Having purchased these bad property loans, the Government could then set up an asset-management company to sell off the property loan portfolio that it has over-paid for, in the hope that a well-managed sell-off would minimise losses. This is the “bad bank” or “toxic bank” regularly mentioned in the media.

However, at current prices, the Government would be making a loss of €12 billion if the Goodbody calculations are correct and potentially far more if, as is likely, those figures are underestimates.

As an alternative, I propose the following four-point plan.

1. Nationalise: Admit that the banks are insolvent and nationalise them. Currently, the total value of shares in the two banks is below €1 billion. To make the process work smoothly and ensure no further losses for the beleaguered shareholders, I would recommend that the Government purchase all private shares for their closing value on the stock market the day before the plan is announced.

2. Reorganise: Use taxpayer money to buy the bad assets from the nationalised banks at their fair value as estimated by a team of property experts. Then set up a State asset management company to sell these assets over time to attempt to recoup as much as possible. This step gets the bad assets off the bank balance sheets but would still leave the banks with negative equity capital.

3. Recapitalise: The Government then recapitalises the banks by using taxpayer funds to invest in the newly-cleansed banks, getting them back to an equity capital level of €17 billion. If the Goodbody figures are correct, this will require a total outlay of €19 billion, but most likely more will be required.

4. Privatise: The first three steps will have created two banks with €17 billion in equity capital, no toxic loans to property developers, strong retail bases and a Government guarantee on liabilities through September 2010. They will be an attractive potential investment for private investors and they could be sold off using a competitive tender process. This process would recoup the €17 billion in equity capital.

Despite widespread concerns about political involvement in nationalised banks, international experience shows that this kind of nationalisation, cleaning up and re-privatisation can be achieved quickly and efficiently.

Let’s compare the two plans.

The Bacon-style plan would have a net cost to the Government of €12 billion if the Goodbody estimates are correct, but most likely it would cost more. It would result in a large direct transfer from taxpayers to the current bank shareholders (the value of these shares would jump well above their current levels if the Government removed the toxic assets by overpaying for them). Most likely, it would involve current management staying in place. Finally, since this plan would be supplemented by the €7 billion preference share investment, it would keep the Government involved in the management of the banks for a number of years.

My four-point plan would cost the taxpayer far less than the Bacon plan.
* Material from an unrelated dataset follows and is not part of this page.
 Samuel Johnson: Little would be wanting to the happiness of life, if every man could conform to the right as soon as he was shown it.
It would have a net cost to the government of €3 billion if the Goodbody estimates are correct (€2 billion to make up the negative equity and €1 billion to pay off the current shareholders). If the loan losses are larger, the cost would turn out to be higher but so would the final cost of the Bacon plan, so the difference relative to the Bacon approach would remain at €9 billion. Beyond the direct cost to the taxpayer, my plan would see the banks end up with new ownership and, almost certainly, with new management. And it would most likely see a faster end to State involvement with our leading banks.
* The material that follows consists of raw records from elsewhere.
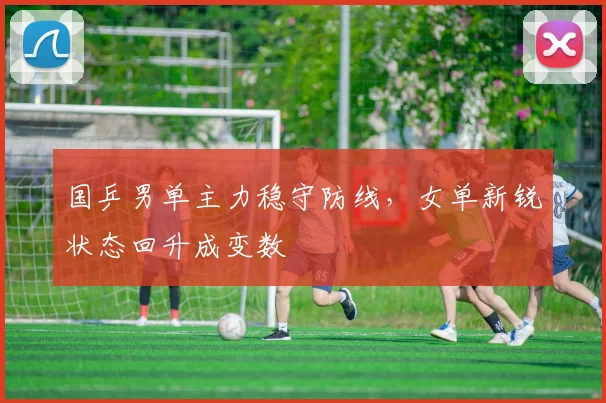 国乒男单主力稳守防线，女单新锐状态回升成变数
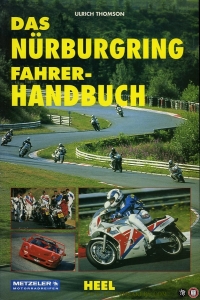 Das Nürburgring Fahrer- Handbuch — THOMSON, Ulrich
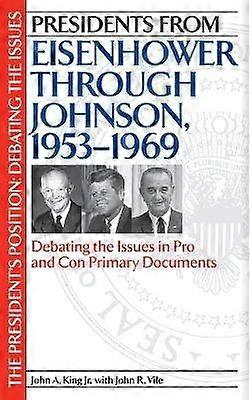 Presidents from Eisenhower through Johnson 1953-1969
Both plans involve a State asset-management company, so the relevant issue here is not whether a “bad bank” is introduced, but how.
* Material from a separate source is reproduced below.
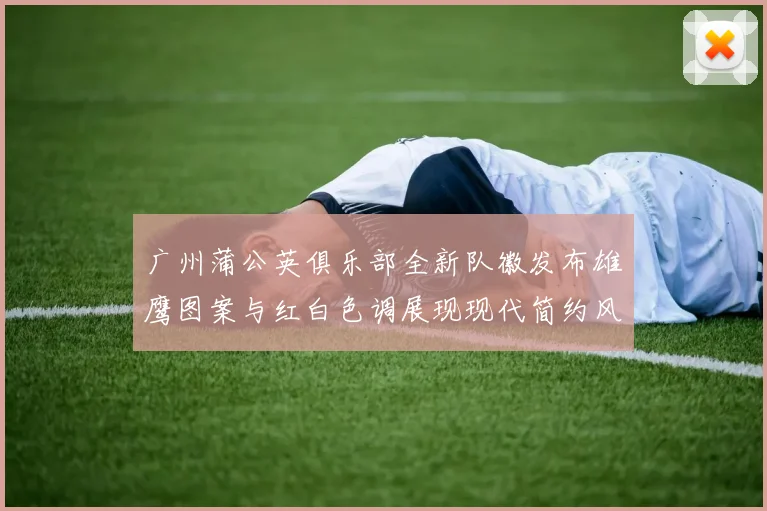 广州蒲公英俱乐部全新队徽发布雄鹰图案与红白色调展现现代简约风格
Over and above the madness of massively overpaying for bad assets at a time of fiscal crisis, the Bacon plan is patently unfair in rewarding the bankers that helped to bring the country to the brink of economic disaster. There is a better way of solving our banking crisis and it is not too late to implement it.


Karl Whelan is professor of economics at University College Dublin. Previously, he worked as an economist at the Central Bank of Ireland and the Federal Reserve Board.